Please, in the data that follows, copy exactly the lines from the line with "Produktbild ACT Black" through the last one, both included. Do not include pictures.

======== DATA SHOWN ========

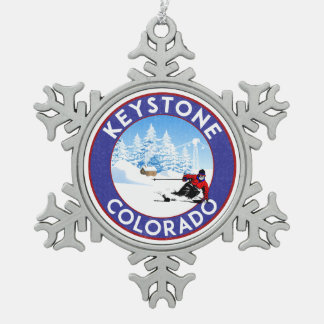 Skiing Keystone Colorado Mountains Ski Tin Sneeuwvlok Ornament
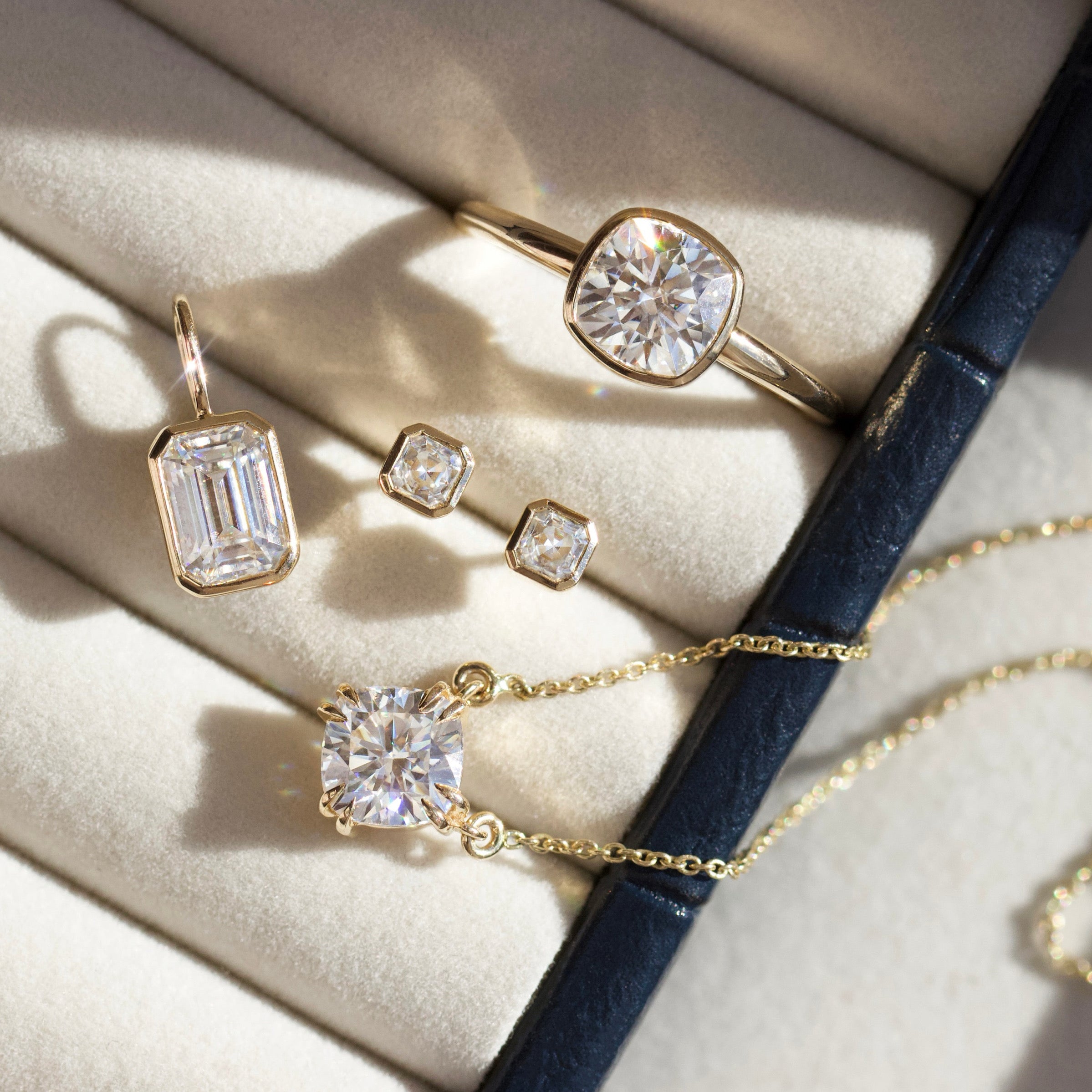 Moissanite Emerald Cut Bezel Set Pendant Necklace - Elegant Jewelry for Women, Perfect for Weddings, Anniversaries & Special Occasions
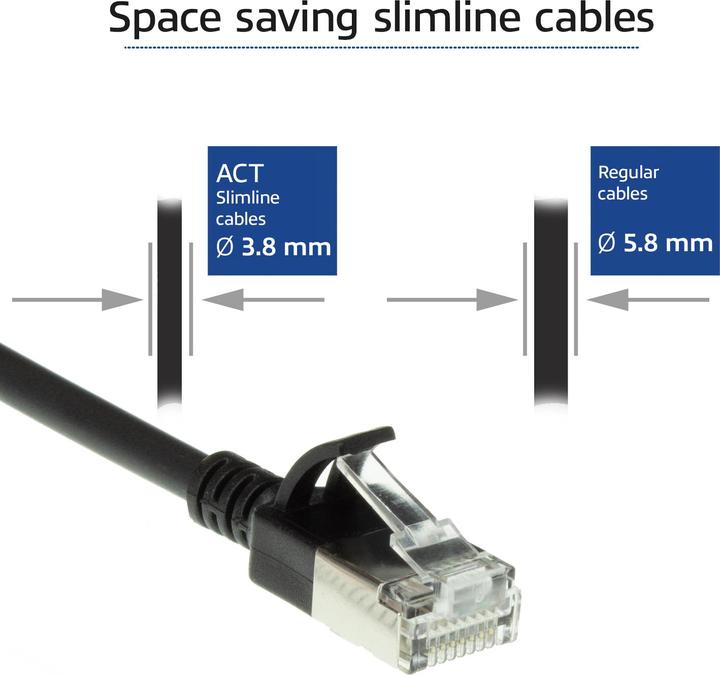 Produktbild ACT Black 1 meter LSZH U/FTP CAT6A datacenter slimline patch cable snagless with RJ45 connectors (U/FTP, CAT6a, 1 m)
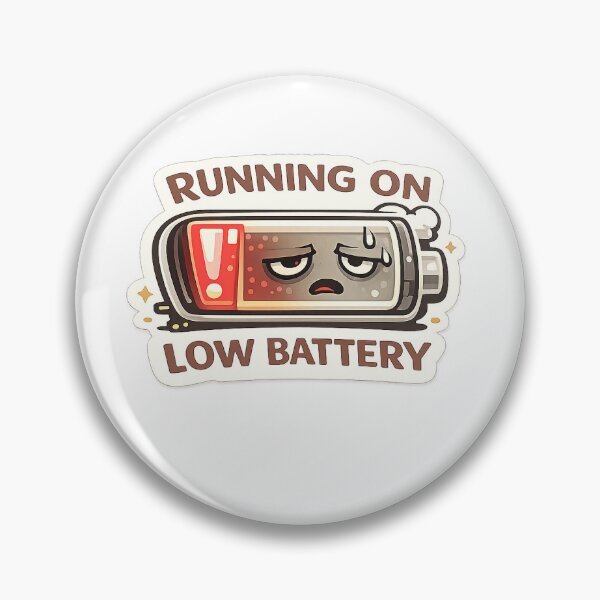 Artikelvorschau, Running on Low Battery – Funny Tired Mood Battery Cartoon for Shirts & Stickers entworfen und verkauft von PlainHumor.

========

### RESPONSE TO THIS EXERCISE
 Produktbild ACT Black 1 meter LSZH U/FTP CAT6A datacenter slimline patch cable snagless with RJ45 connectors (U/FTP, CAT6a, 1 m)
 Artikelvorschau, Running on Low Battery – Funny Tired Mood Battery Cartoon for Shirts & Stickers entworfen und verkauft von PlainHumor.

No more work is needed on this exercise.